◆ **DIRECTIONS**
Return each line of the data that follows exactly as it reads.

[Short descriptive text snippets]
[Start of Attachment]
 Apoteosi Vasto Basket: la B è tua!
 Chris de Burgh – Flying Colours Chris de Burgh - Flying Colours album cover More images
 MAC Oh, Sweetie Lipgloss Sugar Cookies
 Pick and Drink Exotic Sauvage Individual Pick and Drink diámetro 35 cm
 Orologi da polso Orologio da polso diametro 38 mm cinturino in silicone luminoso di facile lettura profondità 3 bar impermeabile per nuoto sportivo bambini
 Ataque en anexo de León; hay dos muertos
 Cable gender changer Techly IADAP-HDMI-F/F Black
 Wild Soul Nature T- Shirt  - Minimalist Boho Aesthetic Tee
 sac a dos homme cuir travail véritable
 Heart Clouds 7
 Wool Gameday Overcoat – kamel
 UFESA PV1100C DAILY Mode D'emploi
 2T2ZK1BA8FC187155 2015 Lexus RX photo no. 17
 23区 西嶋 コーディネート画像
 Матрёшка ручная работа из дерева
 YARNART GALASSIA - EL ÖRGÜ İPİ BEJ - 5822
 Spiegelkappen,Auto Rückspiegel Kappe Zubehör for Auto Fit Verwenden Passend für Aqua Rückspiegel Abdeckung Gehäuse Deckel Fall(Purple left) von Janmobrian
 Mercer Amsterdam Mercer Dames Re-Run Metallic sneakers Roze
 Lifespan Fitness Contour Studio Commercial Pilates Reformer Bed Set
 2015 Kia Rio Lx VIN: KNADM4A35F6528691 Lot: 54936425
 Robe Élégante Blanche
[End of Attachment]
◆ **EXERCISE ANSWER**
 Apoteosi Vasto Basket: la B è tua!
 Chris de Burgh – Flying Colours Chris de Burgh - Flying Colours album cover More images
 MAC Oh, Sweetie Lipgloss Sugar Cookies
 Pick and Drink Exotic Sauvage Individual Pick and Drink diámetro 35 cm
 Orologi da polso Orologio da polso diametro 38 mm cinturino in silicone luminoso di facile lettura profondità 3 bar impermeabile per nuoto sportivo bambini
 Ataque en anexo de León; hay dos muertos
 Cable gender changer Techly IADAP-HDMI-F/F Black
 Wild Soul Nature T- Shirt  - Minimalist Boho Aesthetic Tee
 sac a dos homme cuir travail véritable
 Heart Clouds 7
 Wool Gameday Overcoat – kamel
 UFESA PV1100C DAILY Mode D'emploi
 2T2ZK1BA8FC187155 2015 Lexus RX photo no. 17
 23区 西嶋 コーディネート画像
 Матрёшка ручная работа из дерева
 YARNART GALASSIA - EL ÖRGÜ İPİ BEJ - 5822
 Spiegelkappen,Auto Rückspiegel Kappe Zubehör for Auto Fit Verwenden Passend für Aqua Rückspiegel Abdeckung Gehäuse Deckel Fall(Purple left) von Janmobrian
 Mercer Amsterdam Mercer Dames Re-Run Metallic sneakers Roze
 Lifespan Fitness Contour Studio Commercial Pilates Reformer Bed Set
 2015 Kia Rio Lx VIN: KNADM4A35F6528691 Lot: 54936425
 Robe Élégante Blanche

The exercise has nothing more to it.